Question 3
Domain 1: Databricks Machine LearningWhat is typically required before calling `mlflow.register_model` for Unity Catalog-backed registration?
Correct answer: A
Explanation
`mlflow.register_model` uses the active model registry, so Unity Catalog-backed registration requires the registry URI to point to Unity Catalog. Setting the registry URI to something like `"databricks-uc"` tells MLflow to register the model in Unity Catalog rather than the workspace registry.

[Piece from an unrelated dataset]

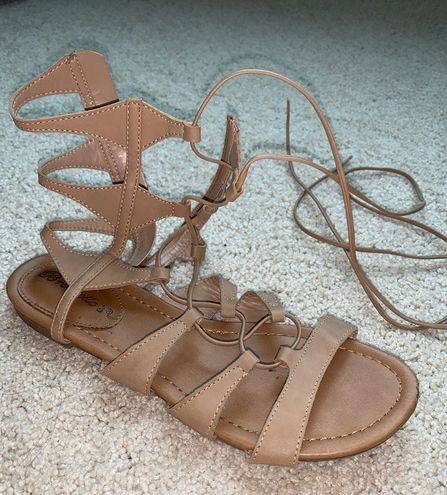 Breckelle s Gladiator Sandals Tan Size 7.5 7 72 Off Retail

Why each option is right or wrong
A. The registry URI should target Unity Catalog, such as `databricks-uc`
MLflow resolves model registration against the active registry configured by `mlflow.set_registry_uri()` / `MLFLOW_REGISTRY_URI`; for Unity Catalog-backed model registration, that URI must be set to the Unity Catalog registry endpoint, commonly `databricks-uc`. In Databricks, Unity Catalog model registry is separate from the legacy workspace registry, so if the registry URI is not pointed at UC, `mlflow.register_model` will attempt to use the wrong backend and the model will not be created in Unity Catalog.
B. The model must already have a Champion alias
Aliases are assigned after registration for version management; they are not a prerequisite to create the model entry.
C. The endpoint must already exist
Model registration creates registry metadata; serving endpoints are deployment concerns that generally come later.
D. The feature table must be online only
Feature table online status relates to feature serving, not the registry backend needed for model registration.